Interpreting the Labour Party: Approaches to Labour Politics and History

By John Callaghan; Steven Fielding et al. | Go to book overview

9

The Progressive Dilemma and the social
democratic perspective

Steven Fielding and Declan McHugh

The object of this chapter is to consider the notion of the 'progressive dilemma' as outlined by David Marquand in his collection of essays of the same name (Marquand 1999). Marquand sought to explain Labour's historically poor electoral performance by focusing on the party's inability to unite a sufficient number of working-class and middle-class voters in a sustained anti-Conservative coalition. As will be explained in more detail later, he believed Labour's attachment to the trade unions was too close and prevented the party making a strong appeal to those outside the labour movement.
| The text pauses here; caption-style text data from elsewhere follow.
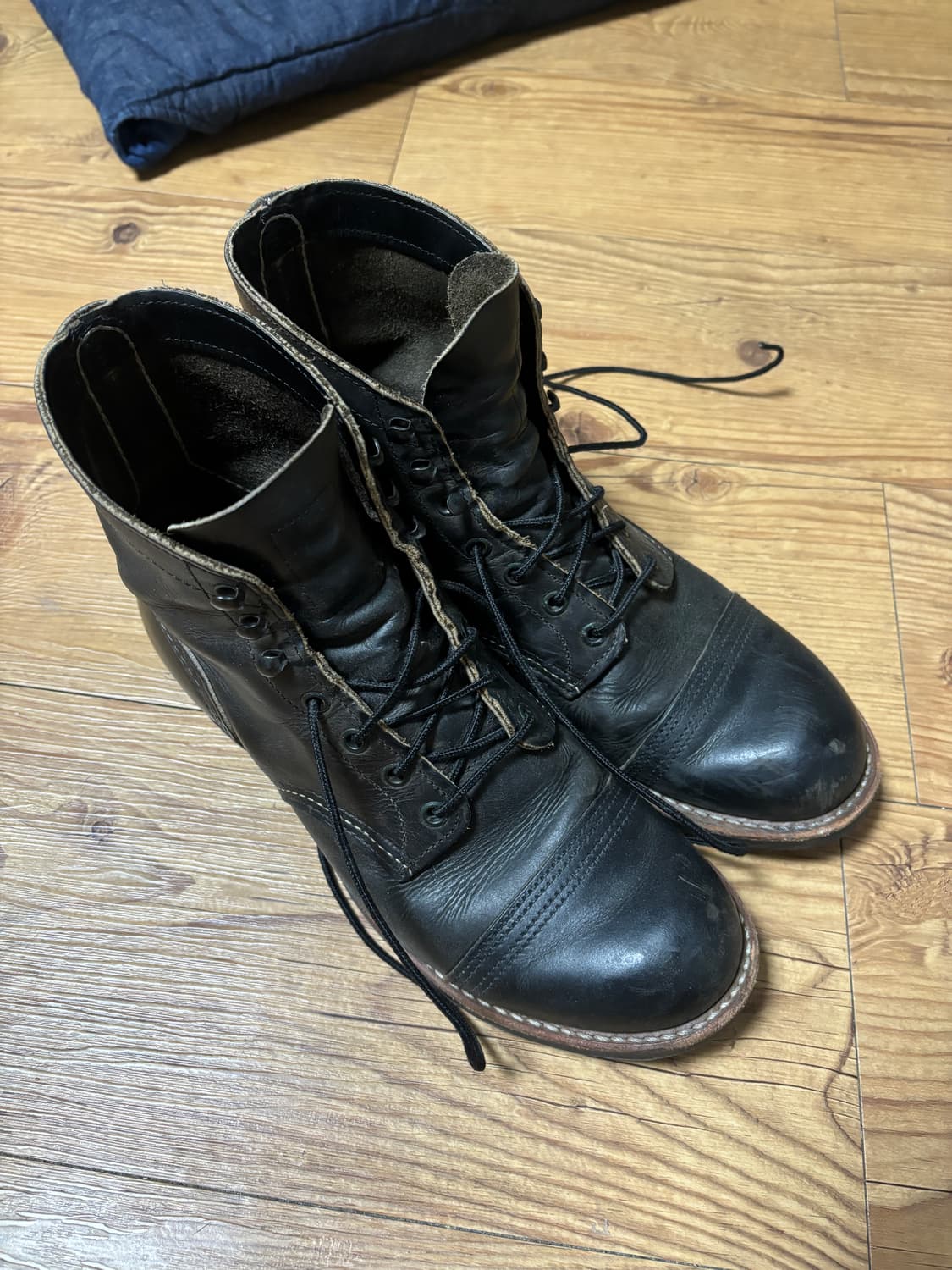 레드윙 아이언레인저 8086 9.5D 상품이미지1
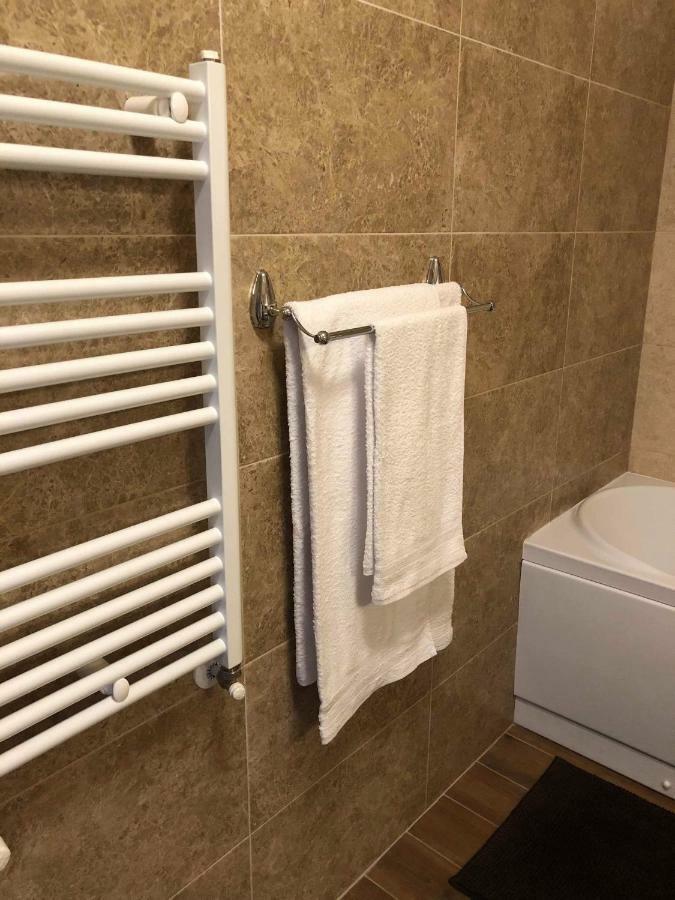 Apartament Studio Jadis 1 Oradea Buitenkant foto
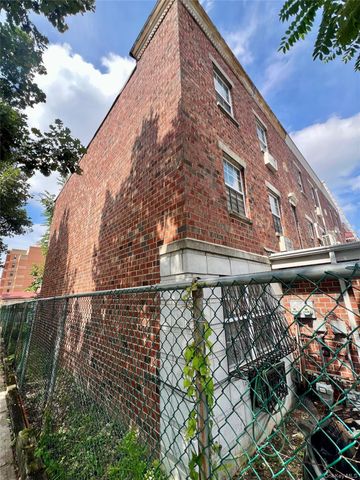 466 E 179th Street, Bronx, NY 10457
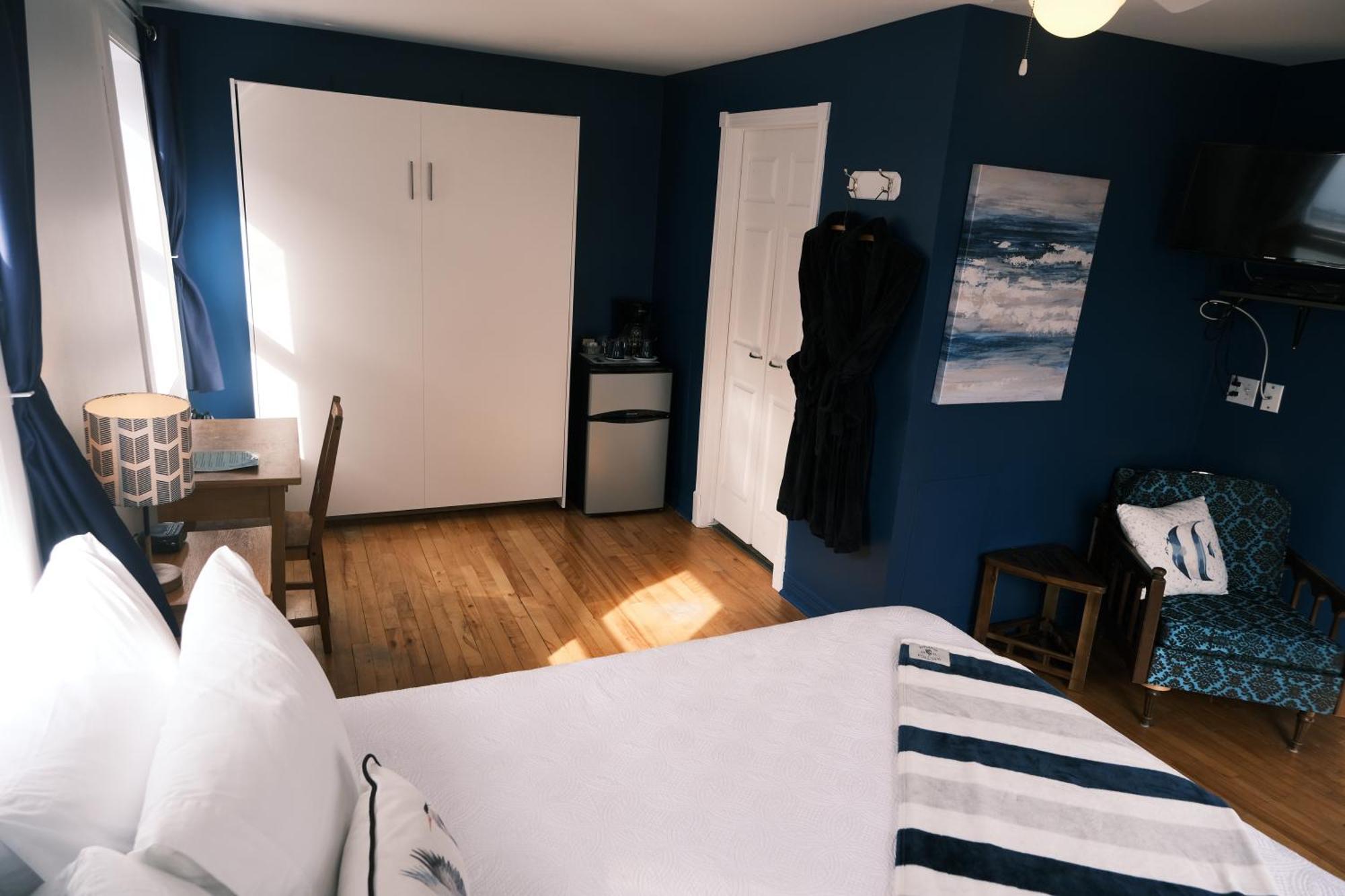 Les Pinsons Des Rives Bed & Breakfast La Malbaie Ruang foto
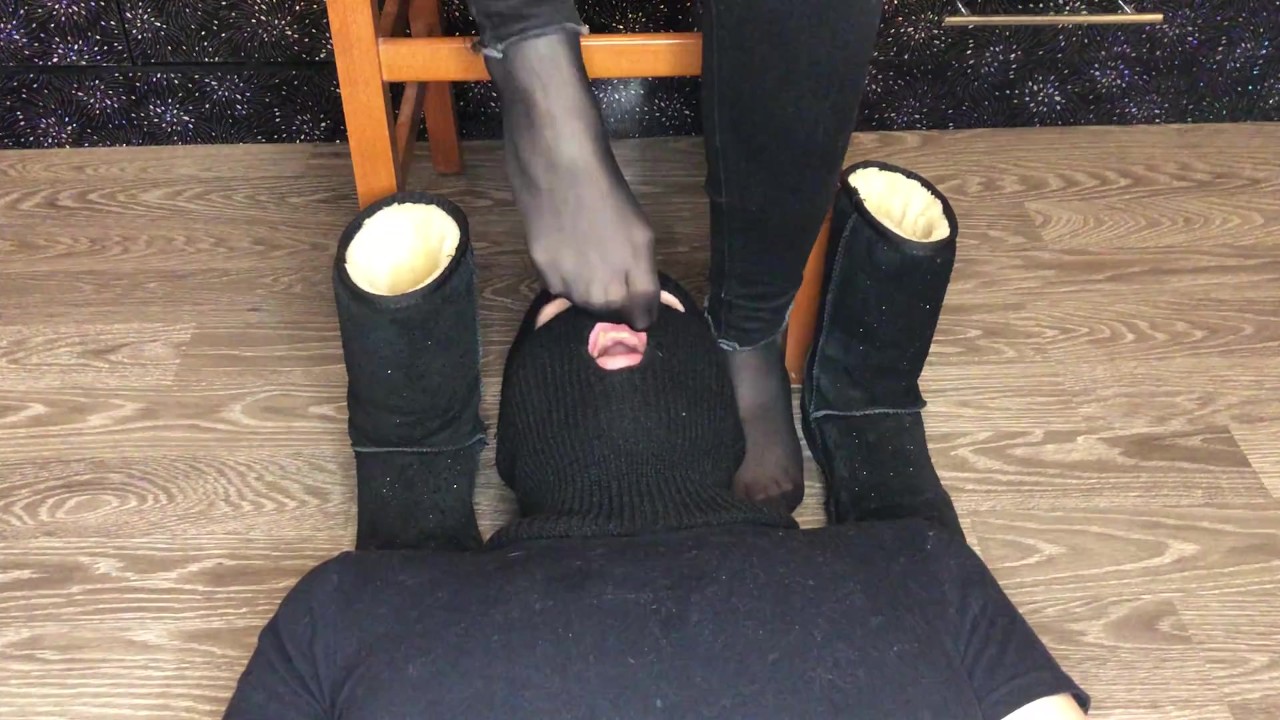 kelly_feet mistress lick shoes school girl kiss and sniff nylon socks - Darmowe seks wideo - RedTube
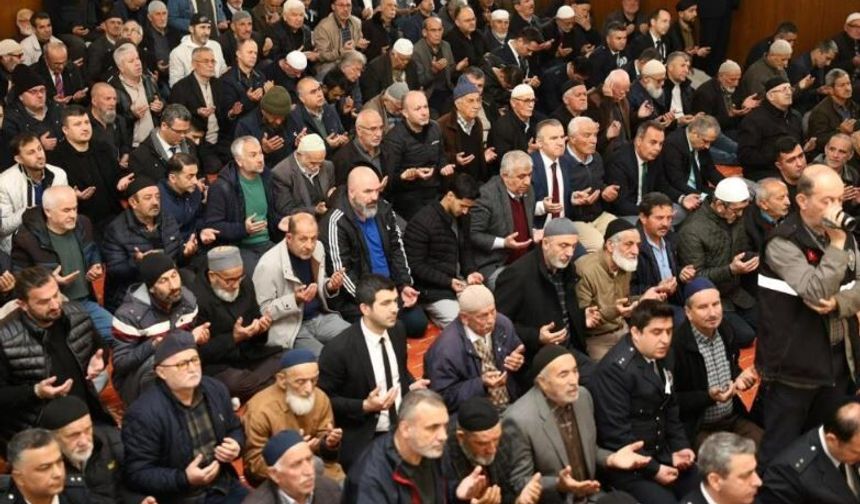 Düzce’de şehit polisler için mevlit okutuldu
Marquand was by no means the first academic to alight on this as possible cause of Labour's disappointing electoral performance (for example, see Stedman Jones 1983). However, the particular means by which he explained Labour's failure enjoyed a unique purchase among students of the Party, as well as those most responsible for the creation of 'New' Labour. Many of Tony Blair's early speeches delivered as leader owed more than a little to Marquand's perspective. One of the 'New' Labour leader's closest advisers, Phillip Gould, even used it to justify the policy and organisational changes fostered by Neil Kinnock and Blair since 1983 (Gould 1998: 1–17). Despite Marquand's own reservations about 'New' Labour, the perspective outlined in The Progressive Dilemma obviously resonated with those pursuing what Blair described during the 2001 election campaign as a 'radical, modern, social democratic' agenda. Indeed, as Marquand (1997: 78–9) conceded after Labour's 1997 landslide victory, 'modernisers' like Blair had gone some way to resolving his 'dilemma'.

The Progressive Dilemma is here taken as the exemplar of a wider 'social democratic' interpretation of the Labour Party. There are, in truth, few historical accounts that explicitly employ this form of analysis – but only because it is such an insidious a part of many leading authorities' 'common-sense' view of the party (see in particular, Crewe and King 1995: 3–26 and Williams 1979). Marquand's work is worthy of close attention, not the least because he is rare in foregrounding many of that tradition's most significant assumptions and he employs them in a particularly lucid manner.